10. Bagaimana perkembangan ekosistemnya, dan apa risiko utamanya?
Robinhood Chain mencatat pertumbuhan yang cepat setelah mainnet publik diluncurkan.
Menurut laporan Bernstein tanggal 13 Juli, Robinhood Chain memproses volume DEX sekitar $3,1 miliar dalam tujuh hari terakhir, dan sempat menduduki peringkat lima besar jaringan blockchain berdasarkan volume DEX. Lebih dari 65.000 pengguna memegang sekitar $13 juta token saham, sementara jaringan ini memegang sekitar $300 juta stablecoin.
Namun, komposisi dari aktivitas ini penting. Robinhood Chain terutama dirancang untuk token saham dan RWA, tetapi sebagian besar volume perdagangan awalnya berasal dari memecoin. CASHCAT menjadi salah satu aset yang paling aktif diperdagangkan di jaringan ini. Perbedaan antara volume DEX miliaran dolar dan token saham sekitar $13 juta menunjukkan bahwa aktivitas RWA masih merupakan bagian yang relatif kecil dari ekonomi on-chain awal jaringan.
Faktor-faktor yang mendukung perkembangan jaringan ini meliputi basis pengguna dan saluran distribusi yang ada Robinhood, kemampuannya untuk menerbitkan token saham, serta infrastruktur yang disediakan oleh Uniswap, Morpho, Chainlink, Alchemy, dan BitGo.
Risiko utama meliputi:
- Ketergantungan besar pada perdagangan memecoin dan aktivitas spekulatif jangka pendek di tahap awal jaringan.
- Adopsi dan likuiditas token saham yang terbatas.

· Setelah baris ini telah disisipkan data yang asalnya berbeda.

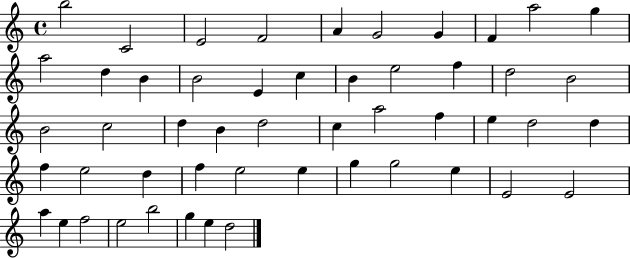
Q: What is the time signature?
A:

- Risiko penerbit, likuiditas, dan penetapan harga yang terkait dengan token saham.
- Batasan peraturan di berbagai yurisdiksi terhadap sekuritas tokenisasi dan produk DeFi.
- Masalah sentralisasi dalam struktur sequencer, set validator, dan tata kelola.
- Risiko teknis dan keamanan yang terkait dengan jembatan antar-rantai, kontrak pintar, dan dompet penyimpanan pribadi.
Robinhood Chain adalah upaya Robinhood untuk menghubungkan layanan broker tradisional, sekuritas tokenisasi, dan DeFi. Aktivitas on-chain awalnya terutama didorong oleh memecoin, stablecoin, dan likuiditas DeFi. Perkembangan pasar RWA yang lebih besar akan bergantung pada likuiditas token saham, kemajuan peraturan, pertumbuhan aplikasi, dan permintaan pengguna yang berkelanjutan.
Data on-chain dalam artikel ini diperbarui hingga pertengahan Juli 2026 dan dapat berubah dengan cepat sesuai aktivitas pasar.